Brief:
Below, find the line containing "Set di 2 asciugamani" and the line containing "Handmade Vintage Multicolor"; reproduce exactly those two and every line between them, omitting pictures.

Data excerpts:
*-*-*

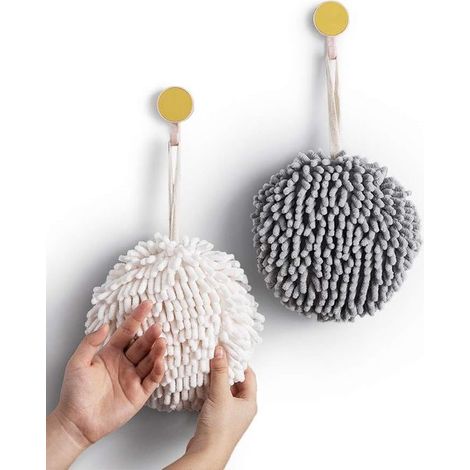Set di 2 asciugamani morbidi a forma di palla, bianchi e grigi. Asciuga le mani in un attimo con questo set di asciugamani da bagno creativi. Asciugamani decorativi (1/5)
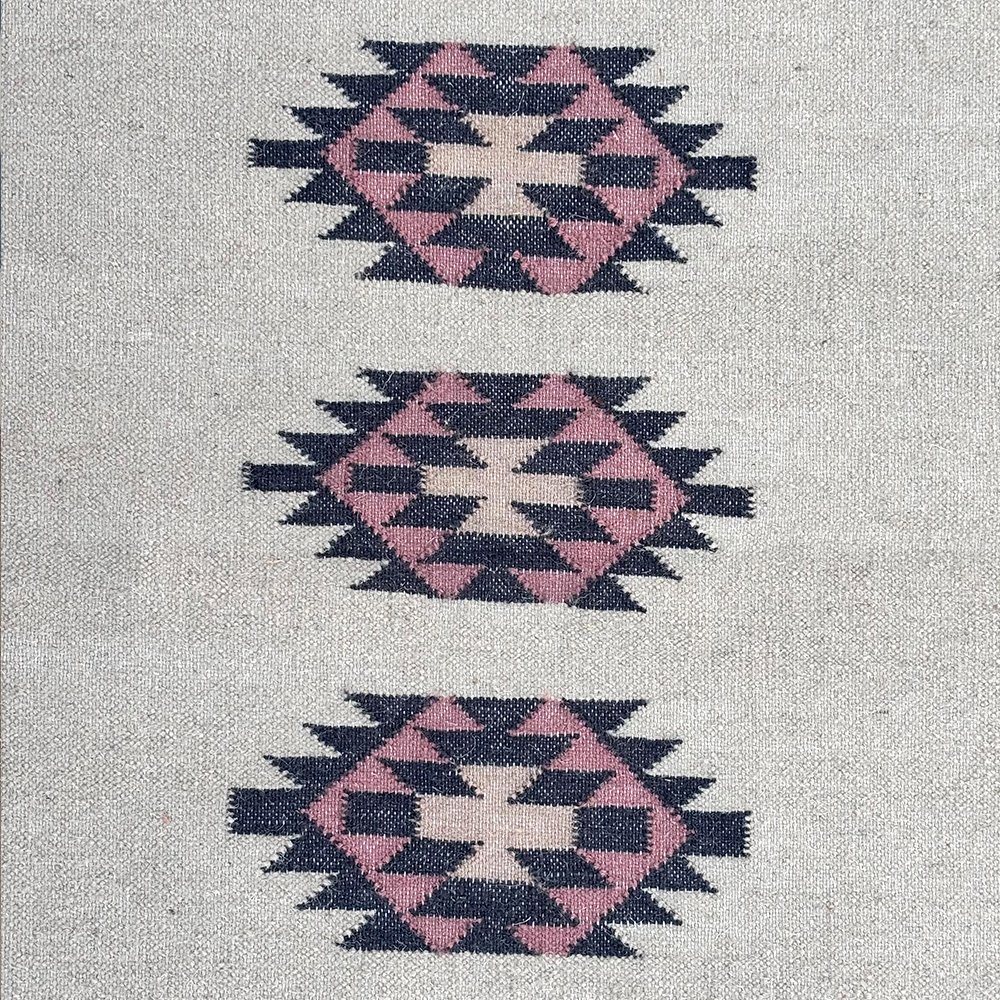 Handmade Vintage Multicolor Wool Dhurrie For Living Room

*-*-*

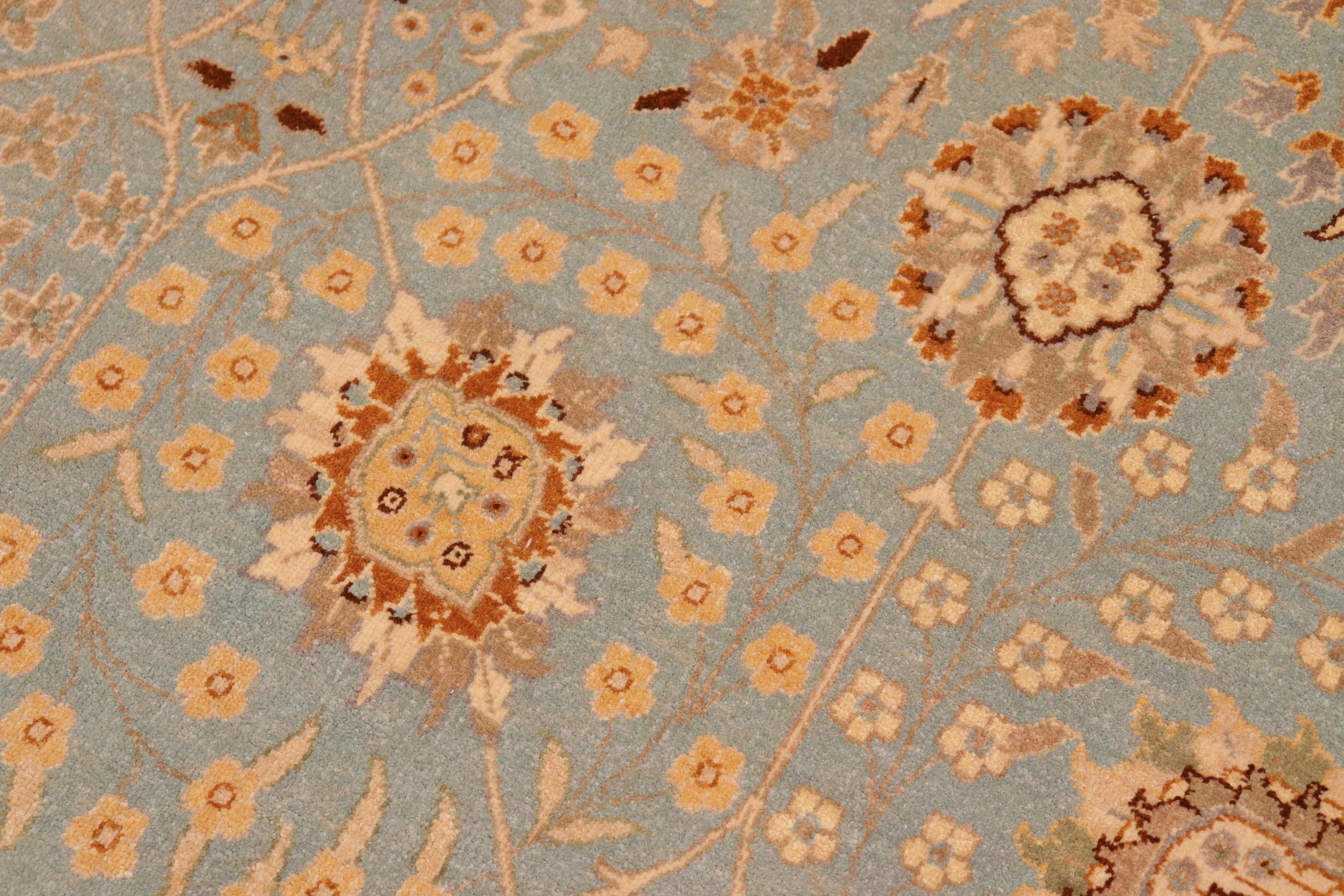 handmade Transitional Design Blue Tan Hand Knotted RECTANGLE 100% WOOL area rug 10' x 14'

*-*-*

Exercise response:
Set di 2 asciugamani morbidi a forma di palla, bianchi e grigi. Asciuga le mani in un attimo con questo set di asciugamani da bagno creativi. Asciugamani decorativi (1/5)
 Handmade Vintage Multicolor Wool Dhurrie For Living Room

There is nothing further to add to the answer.